Records for the exercise START

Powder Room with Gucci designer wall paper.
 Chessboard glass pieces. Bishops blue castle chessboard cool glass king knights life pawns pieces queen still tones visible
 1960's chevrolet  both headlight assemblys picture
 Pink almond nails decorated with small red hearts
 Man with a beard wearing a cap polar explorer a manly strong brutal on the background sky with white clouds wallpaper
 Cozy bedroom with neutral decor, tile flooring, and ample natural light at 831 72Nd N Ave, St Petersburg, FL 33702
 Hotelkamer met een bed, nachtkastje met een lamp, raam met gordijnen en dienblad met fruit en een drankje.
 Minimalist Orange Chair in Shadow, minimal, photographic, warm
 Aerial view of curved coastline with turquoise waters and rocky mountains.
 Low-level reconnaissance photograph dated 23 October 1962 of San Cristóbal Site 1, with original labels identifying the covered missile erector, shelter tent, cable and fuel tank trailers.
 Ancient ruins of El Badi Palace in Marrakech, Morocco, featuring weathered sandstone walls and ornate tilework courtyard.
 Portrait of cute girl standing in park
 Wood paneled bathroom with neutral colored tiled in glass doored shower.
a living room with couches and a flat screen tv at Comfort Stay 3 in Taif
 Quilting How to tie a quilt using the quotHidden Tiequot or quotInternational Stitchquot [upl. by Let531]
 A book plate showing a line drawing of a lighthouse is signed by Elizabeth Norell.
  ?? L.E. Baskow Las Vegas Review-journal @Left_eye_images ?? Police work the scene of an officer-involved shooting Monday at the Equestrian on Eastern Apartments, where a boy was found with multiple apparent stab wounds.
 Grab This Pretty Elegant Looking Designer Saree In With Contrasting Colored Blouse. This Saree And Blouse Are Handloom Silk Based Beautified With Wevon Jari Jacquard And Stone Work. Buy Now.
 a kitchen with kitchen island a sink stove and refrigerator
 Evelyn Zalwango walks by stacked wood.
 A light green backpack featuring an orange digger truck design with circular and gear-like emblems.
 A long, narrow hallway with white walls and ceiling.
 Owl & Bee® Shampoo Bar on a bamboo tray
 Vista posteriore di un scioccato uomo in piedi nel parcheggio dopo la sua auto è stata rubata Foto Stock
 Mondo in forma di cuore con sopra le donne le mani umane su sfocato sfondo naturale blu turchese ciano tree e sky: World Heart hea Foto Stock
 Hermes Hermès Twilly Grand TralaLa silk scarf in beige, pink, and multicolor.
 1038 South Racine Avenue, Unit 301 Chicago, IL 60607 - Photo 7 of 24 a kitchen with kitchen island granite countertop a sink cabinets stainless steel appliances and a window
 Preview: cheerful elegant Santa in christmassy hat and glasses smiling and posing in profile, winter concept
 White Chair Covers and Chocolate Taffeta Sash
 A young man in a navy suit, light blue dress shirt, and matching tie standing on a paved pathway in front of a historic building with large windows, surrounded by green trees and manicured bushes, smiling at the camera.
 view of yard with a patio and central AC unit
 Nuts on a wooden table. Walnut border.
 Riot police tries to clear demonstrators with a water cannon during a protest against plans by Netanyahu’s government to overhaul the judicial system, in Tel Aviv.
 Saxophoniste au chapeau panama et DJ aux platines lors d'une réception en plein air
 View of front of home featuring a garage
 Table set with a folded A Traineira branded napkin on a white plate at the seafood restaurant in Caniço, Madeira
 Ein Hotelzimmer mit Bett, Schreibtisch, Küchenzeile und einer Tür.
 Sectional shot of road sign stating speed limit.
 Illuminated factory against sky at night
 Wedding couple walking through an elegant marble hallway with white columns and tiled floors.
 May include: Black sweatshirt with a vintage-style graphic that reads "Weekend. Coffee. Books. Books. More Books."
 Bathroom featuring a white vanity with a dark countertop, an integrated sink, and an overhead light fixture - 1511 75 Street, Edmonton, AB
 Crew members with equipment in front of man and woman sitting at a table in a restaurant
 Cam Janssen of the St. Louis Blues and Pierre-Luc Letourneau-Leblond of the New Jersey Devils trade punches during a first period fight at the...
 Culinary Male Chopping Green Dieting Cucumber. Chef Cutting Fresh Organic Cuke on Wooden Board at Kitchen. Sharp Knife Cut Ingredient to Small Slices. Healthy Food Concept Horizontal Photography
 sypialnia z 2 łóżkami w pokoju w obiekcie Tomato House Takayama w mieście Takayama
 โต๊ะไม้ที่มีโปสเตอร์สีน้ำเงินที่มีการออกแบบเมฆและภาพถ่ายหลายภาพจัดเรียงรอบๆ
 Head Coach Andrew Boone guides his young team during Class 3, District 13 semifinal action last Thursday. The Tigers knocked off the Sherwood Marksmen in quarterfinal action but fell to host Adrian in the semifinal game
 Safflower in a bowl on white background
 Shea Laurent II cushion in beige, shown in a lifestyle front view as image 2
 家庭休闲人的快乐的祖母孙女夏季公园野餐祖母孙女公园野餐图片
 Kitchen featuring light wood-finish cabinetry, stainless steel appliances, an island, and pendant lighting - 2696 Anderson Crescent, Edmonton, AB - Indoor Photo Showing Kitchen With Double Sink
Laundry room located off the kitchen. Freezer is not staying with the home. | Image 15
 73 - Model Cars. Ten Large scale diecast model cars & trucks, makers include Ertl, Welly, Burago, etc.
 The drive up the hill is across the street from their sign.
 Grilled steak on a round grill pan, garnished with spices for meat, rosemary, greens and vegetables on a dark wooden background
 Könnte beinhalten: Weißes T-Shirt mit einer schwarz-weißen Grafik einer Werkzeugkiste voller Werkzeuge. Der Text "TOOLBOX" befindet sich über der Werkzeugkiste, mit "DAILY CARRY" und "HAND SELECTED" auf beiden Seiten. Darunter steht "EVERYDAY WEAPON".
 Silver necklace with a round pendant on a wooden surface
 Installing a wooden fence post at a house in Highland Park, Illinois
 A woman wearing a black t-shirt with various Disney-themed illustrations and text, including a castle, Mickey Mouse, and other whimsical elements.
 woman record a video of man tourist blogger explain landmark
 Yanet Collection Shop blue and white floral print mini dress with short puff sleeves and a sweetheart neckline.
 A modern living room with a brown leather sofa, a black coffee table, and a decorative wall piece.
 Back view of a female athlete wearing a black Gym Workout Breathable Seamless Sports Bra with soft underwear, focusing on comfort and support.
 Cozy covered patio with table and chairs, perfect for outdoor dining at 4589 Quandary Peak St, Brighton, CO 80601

Records for the exercise END

### What is required
For this exercise, repeat exactly the lines of the data above from the one with "Aerial view of" down to the one with "Low-level reconnaissance photograph", both end lines included.

### Written answer
 Aerial view of curved coastline with turquoise waters and rocky mountains.
 Low-level reconnaissance photograph dated 23 October 1962 of San Cristóbal Site 1, with original labels identifying the covered missile erector, shelter tent, cable and fuel tank trailers.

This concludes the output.